John Deere Maintenance Monday: Dragging and pulling stumps
Trees are never easy to take down, especially when they’re in tricky spots like along a fence row. A lot of landowners use their utility tractors to remove logs and other debris, but you have to be very careful.
Dennis Murphy is an extension safety specialist at Penn State University. He says there are fatal accidents every year from farm tractors that have overturned when pulling trees, logs, and limbs. For example farmers will put a chain around a log and drag it on the ground. The log digs into the ground, and the tractor ends up in a rear overturn. Murphy says there are safer ways to handle this task.

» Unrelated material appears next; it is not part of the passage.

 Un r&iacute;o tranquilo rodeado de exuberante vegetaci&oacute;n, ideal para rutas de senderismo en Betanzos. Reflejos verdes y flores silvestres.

"They really should try to use chokers, and log arches, things that are meant to pick up the log up off the ground so that it can't dig in and cause that rear overturn," says Murphy. "There's a variety of winches, and log arches that can fit on the back of smaller tractors that at least reduces the risk of trying to pull something."

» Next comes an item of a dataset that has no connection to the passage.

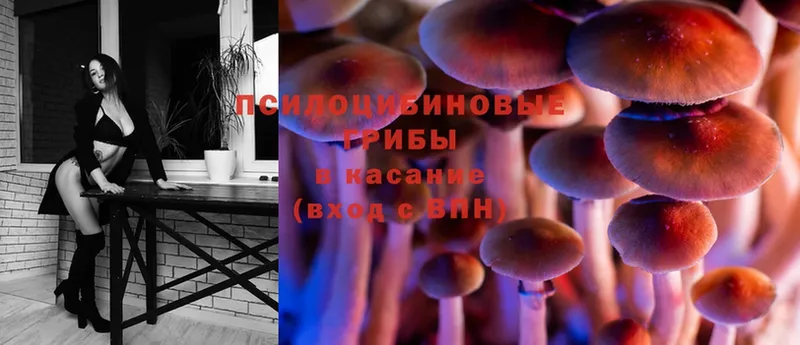 Псилоцибиновые грибы Magic Shrooms  mega ссылка  Шали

Any device that prevents the log from twisting or rolling out of control while being dragged will increase safety. If you have to use a chain, Murphy says to only attach it to the drawbar. Also make sure it's short enough that it doesn't catch on the rear tire when the tractor is turning right or left.

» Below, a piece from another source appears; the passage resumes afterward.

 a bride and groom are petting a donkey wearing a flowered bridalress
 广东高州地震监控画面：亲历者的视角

When you're pulling out a tree stump, hook the stump as low to the ground as you can.
"Then you would put your tractor in its lowest gear and give it throttle, and then let out the clutch slowly," says Murphy. "Do not try to get a running start, or try to jerk the tree stump out, that's when you get the rear overturns. Or, trying to use high gears and full throttle. You will get a rear overturn."
If the tractor is in low gear, the object you're pulling won't budge, and the engine dies, Murphy says that's a sign that you need a larger machine.